Aleks Prigozhin

Fashioning a Tragedy: “Fashion” in Hamlet

                      In this essay, I would like to call attention to the importance of the word “fashion,” with its several connotations, to the understanding of William Shakespeare’s Hamlet. The conflict between the two main meanings of “fashion,” between “ shaping and shape, helps to shed some light on the underlying substance of a play that concerns itself frequently with the questions of identity, show, and craft, mainly within a court setting. Perhaps it is surprising that, in most cases, the word is uttered about, for, or by Hamlet himself. Considering the fact that “fashion” is invoked by several different speakers with different meainings provides the word with some explanatory power in considering both the character of Hamlet and the play as a whole.

          In the first instance in which the word is used, Laertes attempts to define Hamlet’s actions. Warning Ofelia that Hamlet’s love is not serious, Laertes advises her to “hold it a fashion and a toy in blood” (I.iii.6). He is using the word to connote “visible characteristics, appearance” (OED, 2nd ed. s.v. “fashion,” 2a). He suggests that Hamlet’s behavior is nothing but a show; however, this reading of his behavior is, in fact, wrong. The use of “fashion” continues to recur later in the play, as a mini-dramatization of one of its main themes: the conflict between appearances and reality, as well as the difficulty of distinguishing between the two.

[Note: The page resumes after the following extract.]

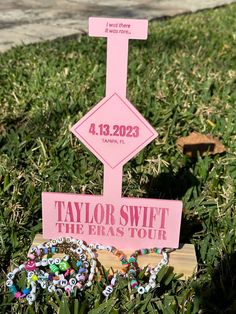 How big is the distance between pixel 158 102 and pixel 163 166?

          In the same scene, Polonius and Ophelia use, and represent, two conflicting connotations of the word to refer to Hamlet. While Ophelia, sees fashion merely as a “mode of action” (OED, 2nd ed. s.v. “fashion,” 6a): “he hath importuned me with love/In honourable fashion”(110-111), Polonius’ reply, “Ay, fashion you may call it”(112), insists on seeing “fashion” as “form as opposed to matter,” (OED, 2nd ed. s.v. “fashion,” 2b),  both meanings encountered in the time period between 1576 and 1614 though now obsolete.

          In lamenting Hamlet’s apparent madness, Ophelia reemploys the conflict that first appeared in her dialogue with Polonius, describing Hamlet as the “glass of fashion and the mould of form” (III.i.156). This is historically the first use of  the word to connote, “conventional usage in dress, mode of life, etc., esp. as observed in the upper circles of society” (OED 2nd ed. s.v. “fashion, 9a).  On a rather direct level, it is interesting to note that a mould, or form, unlike the casts made from it, doesn’t have to be hollow inside.  Hamlet’s status as the form, as the true “fashion,” surprisingly confirms his earlier claim: “I know not ‘seems’” (I.ii.76). Unlike the courtiers such as Polonius, he is not merely a cast of something or someone else. Although it could be argued that he is, in a sense, a copy of his father, Hamlet adheres to that model from within, rather than merely being a cast.

          Hamlet is conscious of deceit inherent in “fashion” and is good at it, unlike the courtiers, who accept the distinction between an outer “seems” and an inner “is” without shame or a thorough consideration to its effects. When Claudius suspects Hamlet’s madness to be a ploy, he calls his behavior an effect of an inner force, a “…matter in his heart,/Whereon his brains still beating puts him thus/From fashion of himself…” (III.i.176-178). A force beating from within puts Hamlet out of his true shape, out the way he ought to appear. His inner world aches to express itself. Perhaps, other characters may experience similar feelings. However, whereas ambition guides courtiers to be out of shape with themselves, Hamlet’s situation mainly shows the effects of conscience. His famous “hesitation” may, in fact, be a consequence of a force that allows him to establish guilt and innocence almost undetected. Without a conscience keen on examining the problem of outward appearances, Hamlet would not have been able to appear convincingly mad; neither would he be able to see through the “fashions” of others to their true core.